§ **Required action**
Your output should be the lines below from the one holding "LOKMANN 100m Schwarz" through the one holding "Splošni varnostni napotki, Varnostni", transcribed exactly, with no pictures.

§ **Source information**
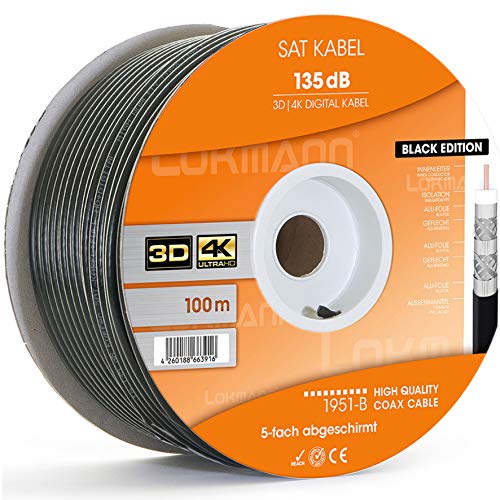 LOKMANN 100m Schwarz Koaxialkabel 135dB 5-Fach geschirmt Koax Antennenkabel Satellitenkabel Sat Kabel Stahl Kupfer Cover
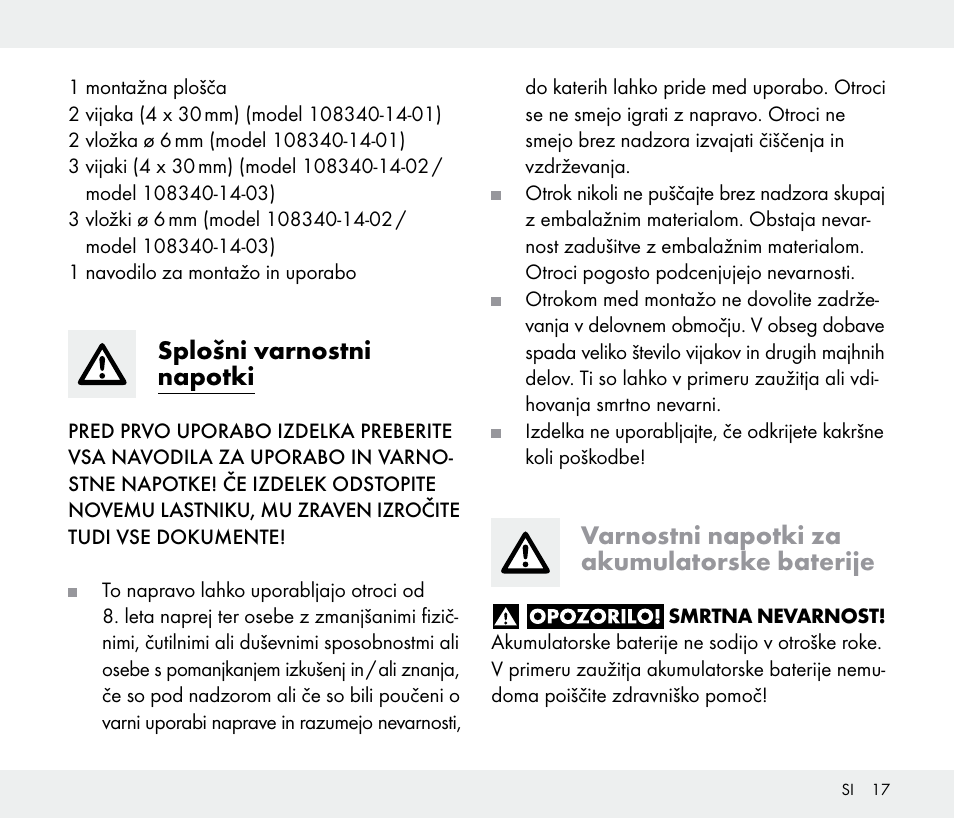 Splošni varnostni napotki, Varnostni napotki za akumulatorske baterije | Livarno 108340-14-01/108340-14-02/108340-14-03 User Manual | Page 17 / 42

* * *

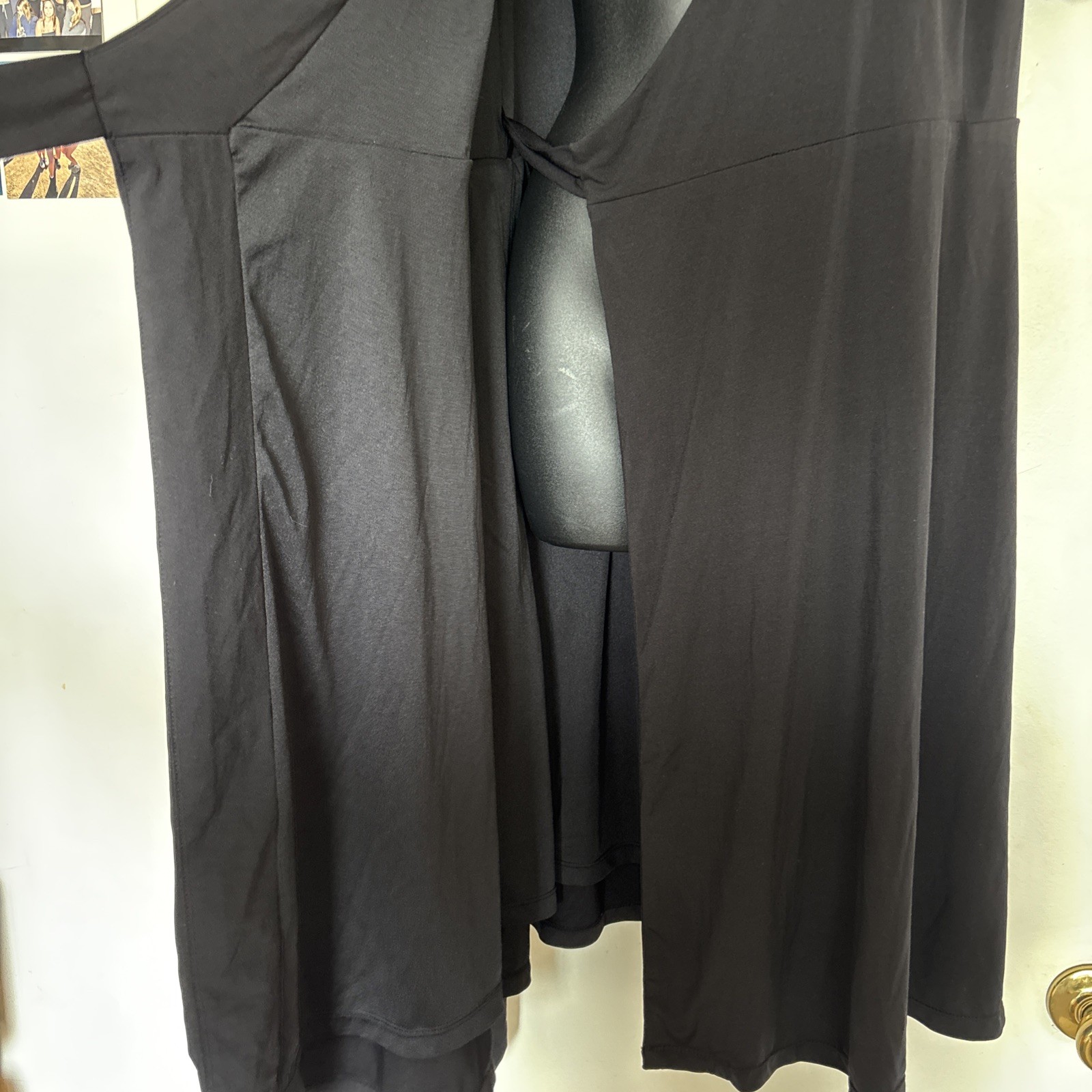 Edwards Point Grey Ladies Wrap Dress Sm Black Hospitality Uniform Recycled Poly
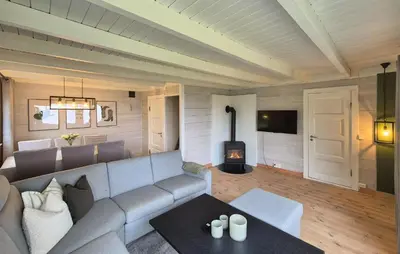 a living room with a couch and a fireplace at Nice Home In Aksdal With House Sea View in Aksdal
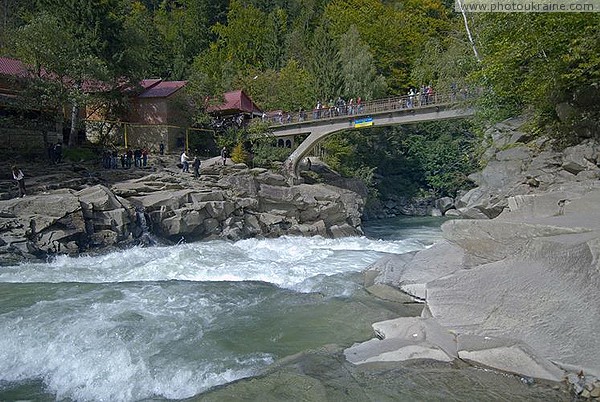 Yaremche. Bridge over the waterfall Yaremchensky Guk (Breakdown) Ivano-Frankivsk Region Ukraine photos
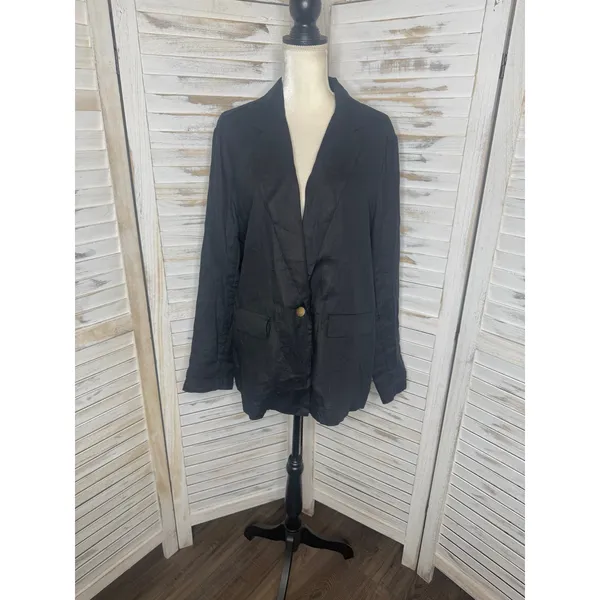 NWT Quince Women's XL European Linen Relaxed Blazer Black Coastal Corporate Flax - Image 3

§ **Response area**
 LOKMANN 100m Schwarz Koaxialkabel 135dB 5-Fach geschirmt Koax Antennenkabel Satellitenkabel Sat Kabel Stahl Kupfer Cover
 Splošni varnostni napotki, Varnostni napotki za akumulatorske baterije | Livarno 108340-14-01/108340-14-02/108340-14-03 User Manual | Page 17 / 42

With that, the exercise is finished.